日本歯科医学会連合会によれば口の中の細菌は酵素を出していて、この酵素が、ウイルスが体内へ侵入するのを促してしまうのだそうです。このため、細菌が多いほどウイルス感染のリスクが高まるのだそうです。(出典:日本歯科医学会連合会「新型コロナウイルス感染症について」)
また実際に口腔ケアを行うことで、インフルエンザの発症率が減少したというデータもあります。
(出典:日歯医学会誌)
小川教授は、「新型コロナウイルスの場合だとベロの上についている汚れが肺に入り、それがずっと増えていくと、より感染が重症化していくということがわかっている」と指摘します。
新型コロナウイルスに感染し症状が進むと、肺炎を引き起こすことがあります。そこへ口の細菌が誤って肺に入ると、肺炎が重症化するリスクが高まるのだそうです。
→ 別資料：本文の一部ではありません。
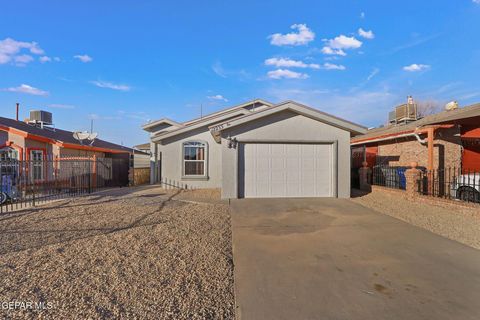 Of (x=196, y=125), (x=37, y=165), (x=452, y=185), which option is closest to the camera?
(x=452, y=185)

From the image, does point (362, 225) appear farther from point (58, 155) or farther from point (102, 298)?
point (58, 155)

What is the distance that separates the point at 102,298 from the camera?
10.1 ft

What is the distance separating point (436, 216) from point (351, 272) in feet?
16.6

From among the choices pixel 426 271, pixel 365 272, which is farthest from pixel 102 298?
pixel 426 271

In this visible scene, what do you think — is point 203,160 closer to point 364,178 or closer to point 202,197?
point 202,197

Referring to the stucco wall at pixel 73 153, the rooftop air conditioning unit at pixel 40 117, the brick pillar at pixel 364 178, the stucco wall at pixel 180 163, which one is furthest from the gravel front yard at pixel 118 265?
the rooftop air conditioning unit at pixel 40 117

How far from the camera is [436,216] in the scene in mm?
7207

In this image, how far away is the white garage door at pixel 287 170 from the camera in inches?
409

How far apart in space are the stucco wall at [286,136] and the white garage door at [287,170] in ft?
1.03

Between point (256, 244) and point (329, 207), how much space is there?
4.45 metres

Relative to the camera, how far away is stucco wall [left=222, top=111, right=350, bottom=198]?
401 inches

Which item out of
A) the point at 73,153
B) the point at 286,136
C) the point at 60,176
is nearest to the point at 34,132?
the point at 73,153

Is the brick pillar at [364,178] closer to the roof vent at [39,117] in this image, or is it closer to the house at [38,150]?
the house at [38,150]

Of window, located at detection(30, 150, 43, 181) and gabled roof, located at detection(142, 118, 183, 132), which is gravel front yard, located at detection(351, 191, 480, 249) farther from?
window, located at detection(30, 150, 43, 181) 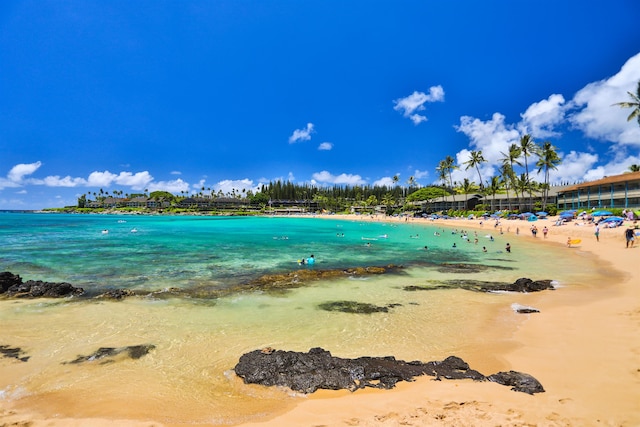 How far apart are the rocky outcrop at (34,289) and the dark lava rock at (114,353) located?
26.7ft

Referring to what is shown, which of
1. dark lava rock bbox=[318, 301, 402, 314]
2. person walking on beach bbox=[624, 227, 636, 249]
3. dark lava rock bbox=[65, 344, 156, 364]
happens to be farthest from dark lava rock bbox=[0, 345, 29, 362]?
person walking on beach bbox=[624, 227, 636, 249]

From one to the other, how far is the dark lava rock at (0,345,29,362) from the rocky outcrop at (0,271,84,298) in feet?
20.7

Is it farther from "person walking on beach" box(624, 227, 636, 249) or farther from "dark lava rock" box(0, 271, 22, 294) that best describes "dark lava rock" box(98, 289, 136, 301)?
"person walking on beach" box(624, 227, 636, 249)

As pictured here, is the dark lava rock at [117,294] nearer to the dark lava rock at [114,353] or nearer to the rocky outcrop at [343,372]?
the dark lava rock at [114,353]

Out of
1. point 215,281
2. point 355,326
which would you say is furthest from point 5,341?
point 355,326

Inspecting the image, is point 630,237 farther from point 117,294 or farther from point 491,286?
point 117,294

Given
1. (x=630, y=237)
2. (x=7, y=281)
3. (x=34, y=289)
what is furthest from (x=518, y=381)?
(x=630, y=237)

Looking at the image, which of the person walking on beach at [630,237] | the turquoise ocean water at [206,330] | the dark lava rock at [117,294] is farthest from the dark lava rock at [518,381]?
the person walking on beach at [630,237]

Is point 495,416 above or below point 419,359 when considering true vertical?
above

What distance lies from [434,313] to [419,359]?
4.31 meters

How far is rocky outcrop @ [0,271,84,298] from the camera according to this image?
14.2 meters

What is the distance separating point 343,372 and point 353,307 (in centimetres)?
592

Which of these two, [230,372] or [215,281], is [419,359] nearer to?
[230,372]

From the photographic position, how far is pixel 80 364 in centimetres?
783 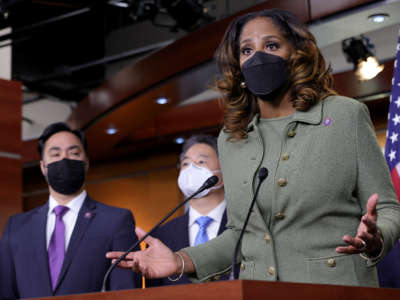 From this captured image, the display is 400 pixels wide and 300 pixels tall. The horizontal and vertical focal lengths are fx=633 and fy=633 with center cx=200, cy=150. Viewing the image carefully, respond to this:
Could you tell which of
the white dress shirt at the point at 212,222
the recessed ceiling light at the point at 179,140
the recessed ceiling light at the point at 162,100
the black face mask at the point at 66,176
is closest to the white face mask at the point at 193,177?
the white dress shirt at the point at 212,222

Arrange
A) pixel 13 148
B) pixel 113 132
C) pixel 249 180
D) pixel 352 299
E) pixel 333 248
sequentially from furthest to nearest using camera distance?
pixel 113 132
pixel 13 148
pixel 249 180
pixel 333 248
pixel 352 299

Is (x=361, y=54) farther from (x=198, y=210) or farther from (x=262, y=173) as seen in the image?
(x=262, y=173)

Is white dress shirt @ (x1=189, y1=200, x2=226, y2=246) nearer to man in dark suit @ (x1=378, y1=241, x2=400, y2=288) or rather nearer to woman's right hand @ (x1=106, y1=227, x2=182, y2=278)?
man in dark suit @ (x1=378, y1=241, x2=400, y2=288)

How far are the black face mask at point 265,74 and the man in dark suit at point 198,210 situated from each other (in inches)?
60.3

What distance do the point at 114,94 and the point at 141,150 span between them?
1.91 meters

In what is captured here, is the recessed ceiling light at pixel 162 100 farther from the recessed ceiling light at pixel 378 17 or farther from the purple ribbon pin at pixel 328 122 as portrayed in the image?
the purple ribbon pin at pixel 328 122

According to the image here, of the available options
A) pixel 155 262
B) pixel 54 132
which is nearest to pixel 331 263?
pixel 155 262

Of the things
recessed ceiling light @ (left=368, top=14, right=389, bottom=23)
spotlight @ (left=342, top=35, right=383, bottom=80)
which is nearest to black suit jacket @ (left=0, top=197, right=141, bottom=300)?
recessed ceiling light @ (left=368, top=14, right=389, bottom=23)

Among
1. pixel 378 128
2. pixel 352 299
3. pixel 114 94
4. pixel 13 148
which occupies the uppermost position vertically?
pixel 114 94

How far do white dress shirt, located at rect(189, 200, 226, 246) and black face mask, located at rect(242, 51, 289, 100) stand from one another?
162 cm

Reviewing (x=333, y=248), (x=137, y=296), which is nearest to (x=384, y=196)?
(x=333, y=248)

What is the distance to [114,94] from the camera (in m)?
6.32

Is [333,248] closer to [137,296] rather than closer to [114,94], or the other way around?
[137,296]

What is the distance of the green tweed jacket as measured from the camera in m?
1.55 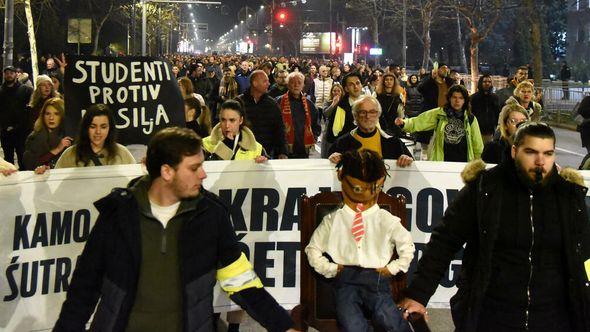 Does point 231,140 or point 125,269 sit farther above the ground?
point 231,140

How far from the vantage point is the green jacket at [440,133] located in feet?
28.7

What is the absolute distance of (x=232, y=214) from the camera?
6414 millimetres

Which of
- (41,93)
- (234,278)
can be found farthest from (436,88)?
(234,278)

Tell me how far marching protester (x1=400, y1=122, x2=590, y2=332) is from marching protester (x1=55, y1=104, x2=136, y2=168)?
10.2ft

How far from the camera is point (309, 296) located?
469 centimetres

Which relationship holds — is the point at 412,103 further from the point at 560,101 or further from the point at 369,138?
the point at 369,138

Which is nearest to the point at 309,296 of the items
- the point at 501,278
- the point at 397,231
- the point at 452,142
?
the point at 397,231

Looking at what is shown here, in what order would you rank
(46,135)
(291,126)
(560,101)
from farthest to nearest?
1. (560,101)
2. (291,126)
3. (46,135)

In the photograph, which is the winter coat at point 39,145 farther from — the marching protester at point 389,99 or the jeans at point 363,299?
the marching protester at point 389,99

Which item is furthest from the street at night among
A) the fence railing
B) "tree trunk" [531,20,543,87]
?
"tree trunk" [531,20,543,87]

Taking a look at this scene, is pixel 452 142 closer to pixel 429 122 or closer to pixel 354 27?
pixel 429 122

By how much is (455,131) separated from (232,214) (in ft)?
10.2

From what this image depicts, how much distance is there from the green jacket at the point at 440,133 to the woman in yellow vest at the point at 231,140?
2103mm

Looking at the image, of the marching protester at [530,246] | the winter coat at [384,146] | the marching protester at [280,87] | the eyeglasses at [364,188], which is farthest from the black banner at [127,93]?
the marching protester at [280,87] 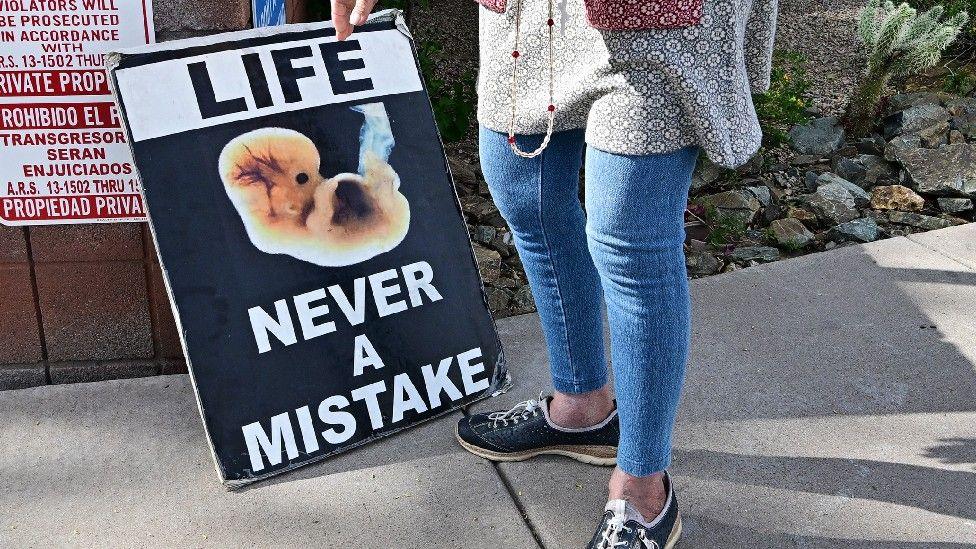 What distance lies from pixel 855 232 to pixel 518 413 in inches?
67.6

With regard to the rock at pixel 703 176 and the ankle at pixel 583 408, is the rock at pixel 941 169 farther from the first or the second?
the ankle at pixel 583 408

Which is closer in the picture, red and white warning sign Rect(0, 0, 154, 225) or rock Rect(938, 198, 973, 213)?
red and white warning sign Rect(0, 0, 154, 225)

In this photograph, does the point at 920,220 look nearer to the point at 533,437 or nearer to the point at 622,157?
the point at 533,437

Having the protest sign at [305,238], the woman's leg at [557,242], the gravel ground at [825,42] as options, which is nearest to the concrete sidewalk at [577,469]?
the protest sign at [305,238]

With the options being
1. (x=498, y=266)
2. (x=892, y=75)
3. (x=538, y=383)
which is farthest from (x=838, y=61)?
(x=538, y=383)

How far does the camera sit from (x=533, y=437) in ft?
7.63

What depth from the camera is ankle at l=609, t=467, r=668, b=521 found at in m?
1.99

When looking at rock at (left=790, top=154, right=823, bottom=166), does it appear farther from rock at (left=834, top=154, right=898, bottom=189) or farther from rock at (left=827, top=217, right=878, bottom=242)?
rock at (left=827, top=217, right=878, bottom=242)

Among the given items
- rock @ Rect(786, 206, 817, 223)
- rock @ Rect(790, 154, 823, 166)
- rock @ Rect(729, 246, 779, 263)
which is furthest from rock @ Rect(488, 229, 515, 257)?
rock @ Rect(790, 154, 823, 166)

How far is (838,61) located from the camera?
5.04 m

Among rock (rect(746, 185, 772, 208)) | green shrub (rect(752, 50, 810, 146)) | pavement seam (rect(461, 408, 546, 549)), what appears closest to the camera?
pavement seam (rect(461, 408, 546, 549))

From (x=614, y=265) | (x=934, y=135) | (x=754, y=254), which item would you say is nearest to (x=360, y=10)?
(x=614, y=265)

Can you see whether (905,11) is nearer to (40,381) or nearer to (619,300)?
(619,300)

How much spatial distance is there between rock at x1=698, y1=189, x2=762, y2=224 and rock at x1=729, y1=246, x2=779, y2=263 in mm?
166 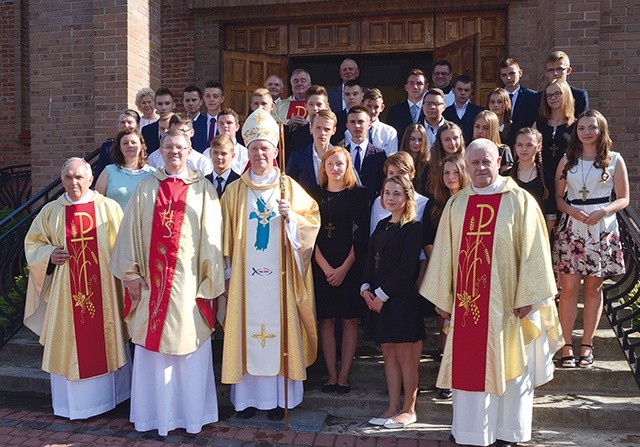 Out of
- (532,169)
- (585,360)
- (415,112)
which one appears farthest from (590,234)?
(415,112)

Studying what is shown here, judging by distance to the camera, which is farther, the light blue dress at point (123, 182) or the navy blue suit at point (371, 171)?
the navy blue suit at point (371, 171)

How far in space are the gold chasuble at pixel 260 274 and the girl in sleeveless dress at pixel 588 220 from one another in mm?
1987

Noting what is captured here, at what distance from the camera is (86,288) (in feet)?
16.8

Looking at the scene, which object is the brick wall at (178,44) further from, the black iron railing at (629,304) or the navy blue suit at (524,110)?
the black iron railing at (629,304)

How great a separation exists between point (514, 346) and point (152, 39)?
6.91m

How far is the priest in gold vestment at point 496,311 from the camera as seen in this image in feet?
14.1

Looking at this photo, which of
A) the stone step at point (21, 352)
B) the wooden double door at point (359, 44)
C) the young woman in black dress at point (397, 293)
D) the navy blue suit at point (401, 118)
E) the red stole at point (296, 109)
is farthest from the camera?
the wooden double door at point (359, 44)

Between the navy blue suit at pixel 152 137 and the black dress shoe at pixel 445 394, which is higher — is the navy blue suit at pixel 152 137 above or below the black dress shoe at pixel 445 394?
above

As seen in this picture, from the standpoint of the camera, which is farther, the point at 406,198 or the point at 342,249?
the point at 342,249

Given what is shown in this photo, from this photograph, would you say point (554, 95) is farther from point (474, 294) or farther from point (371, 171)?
point (474, 294)

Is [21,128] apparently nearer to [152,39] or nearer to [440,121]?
[152,39]

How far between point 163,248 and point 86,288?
0.84 m

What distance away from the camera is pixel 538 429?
475cm

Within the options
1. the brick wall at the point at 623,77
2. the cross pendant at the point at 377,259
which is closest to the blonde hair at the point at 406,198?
the cross pendant at the point at 377,259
感染と重症化のリスクを減らすためにも、お口の清掃が大切なのです。
そこで注目されているのが、専用の舌ブラシを使った「舌磨き」です。
小川教授は「ベロの真ん中よりも少し奥のあたりにブラシの先を入れて、奥から手前に引くような感じで行います。そうするとブラシの表面に汚れがつきますので、再度掃除するのではなく水で汚れを洗い流してください」と説明します。
【ポイント】
・ブラシを往復させるのではなく、一方向に動かすこと
・やさしく5~10回程度行うこと
・細菌は寝ている間に増えるので、朝起きてすぐ舌を清潔にすること
ところで、この舌磨きを歯ブラシでしているという方はいませんか?
小川教授によると、「歯ブラシは固い歯を磨くためのもので、かたい歯ブラシで柔らかいベロの表面をこすってしまうと傷がついてしまう」とのこと。
舌の形や汚れの程度など、自分に合った舌ブラシを使うことが大切です。
■「舌磨き」に期待される効果!?
歯科医院でも患者に舌磨きを勧めています。舌磨きには感染症予防のほかにも様々な効果が期待されているというのです。
いくの歯科医院の幾野博院長は、「ひとつはエチケット面として口臭の予防ですよね。もうひとつは舌の表面がきれいになるので、味覚に対する感受性が高まり、味わいが良くなる。当然塩分濃度などが少なくて済む。塩分濃度が少なくなることによって高血圧症の減少・低下につながると期待されています」と話します。
歯の治療は患者が長時間マスクを外すため、感染を心配し通院を控える人が少なくないそうです。
しかし、治療が遅れると重症化する恐れもあることから、幾野医師は、「かかりつけ医に相談してほしい」としたうえで、「今までの生活様式が変わってしまうことから、つい食生活が不規則になったり、たばこの量が増えたりした人もいるかもしれない。口腔のケアをしておかないと悪くなる一方だ。口は外部からの取り込み口で、ひとつの防波堤になっていると考えていただきたい」と話します。
感染症予防のためにも今一度、自分の口の状態を見直す必要があります。